Extracted material: Begin

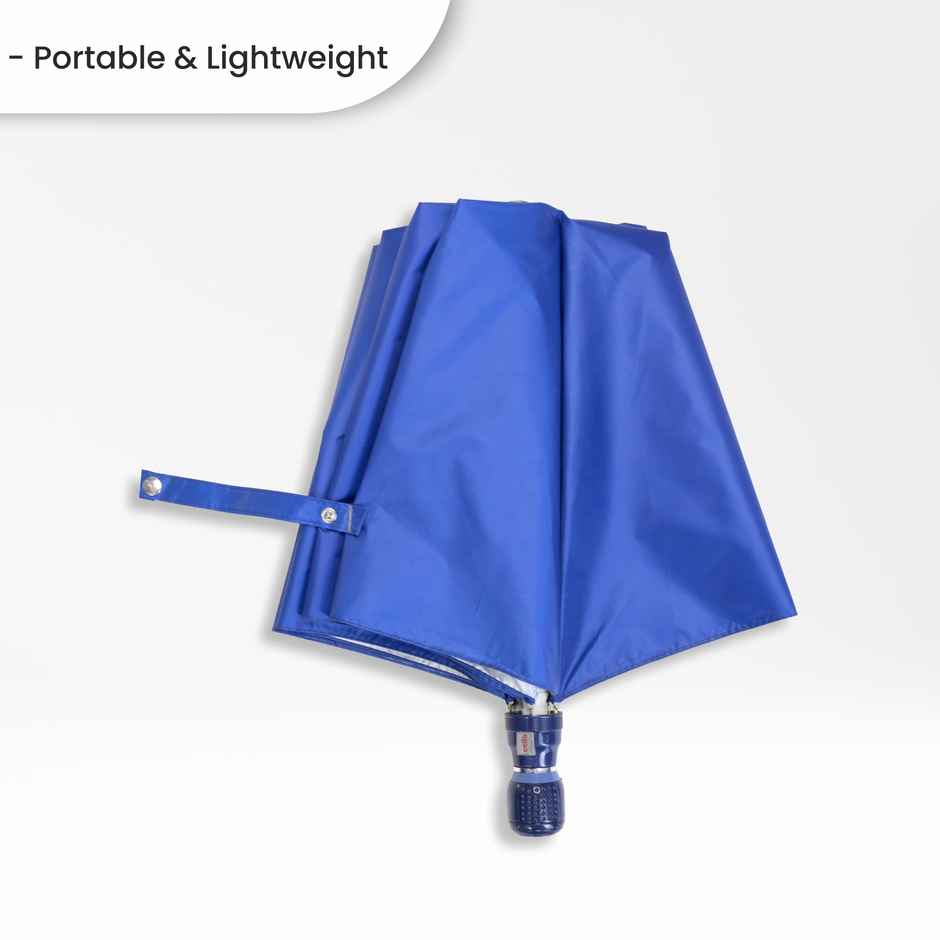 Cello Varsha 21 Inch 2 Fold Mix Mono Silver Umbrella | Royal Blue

Extracted material: End
Extracted material: Begin

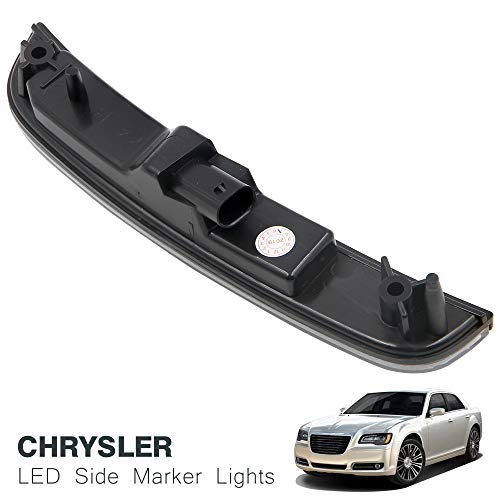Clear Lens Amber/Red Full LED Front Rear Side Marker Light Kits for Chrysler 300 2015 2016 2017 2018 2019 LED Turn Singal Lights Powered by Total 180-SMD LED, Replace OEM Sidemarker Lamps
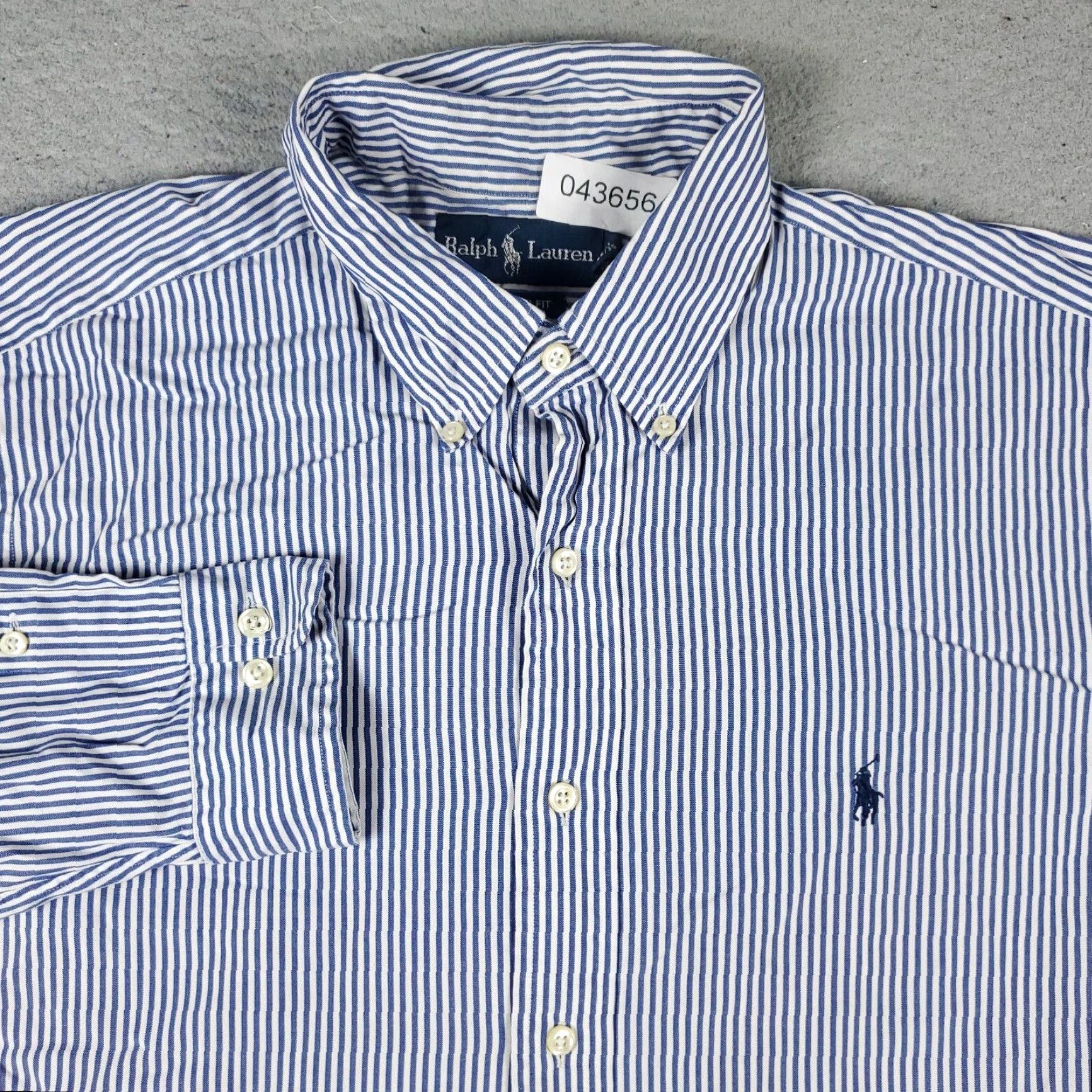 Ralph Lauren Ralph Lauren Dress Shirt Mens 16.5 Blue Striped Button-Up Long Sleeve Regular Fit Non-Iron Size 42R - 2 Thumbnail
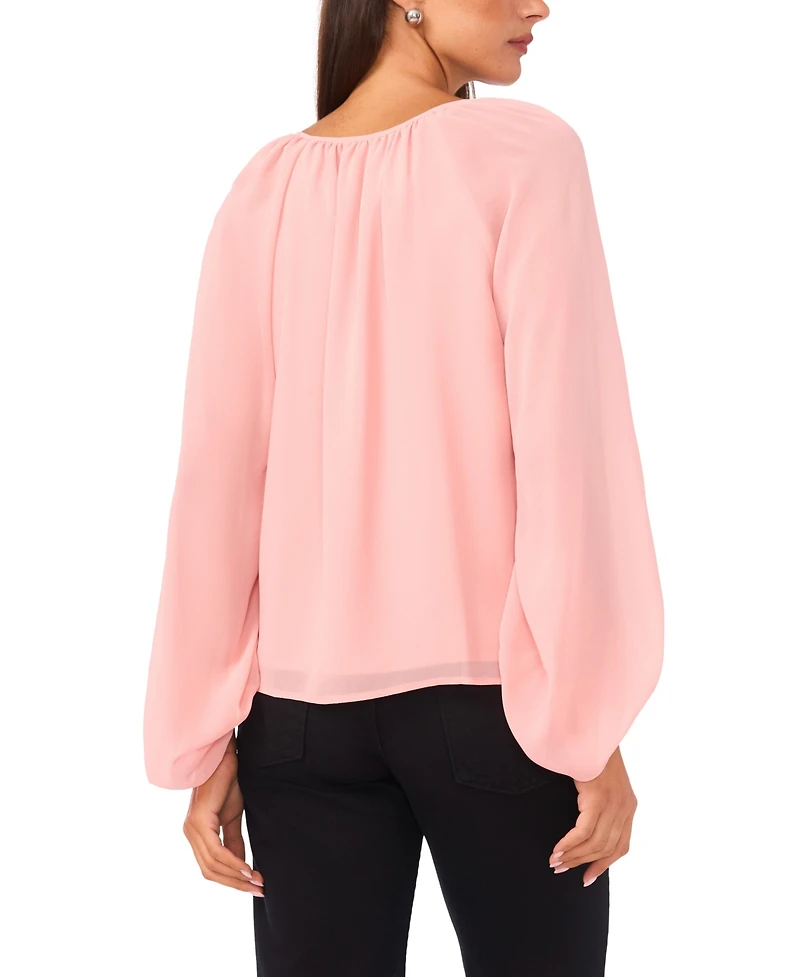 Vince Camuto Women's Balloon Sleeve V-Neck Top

Extracted material: End

| To do |
Starting at the line above that contains "Ralph Lauren Ralph", transcribe every line exactly through the line that contains "Vince Camuto Women's", including that last one, and skip the pictures.

| Output of the task |
 Ralph Lauren Ralph Lauren Dress Shirt Mens 16.5 Blue Striped Button-Up Long Sleeve Regular Fit Non-Iron Size 42R - 2 Thumbnail
 Vince Camuto Women's Balloon Sleeve V-Neck Top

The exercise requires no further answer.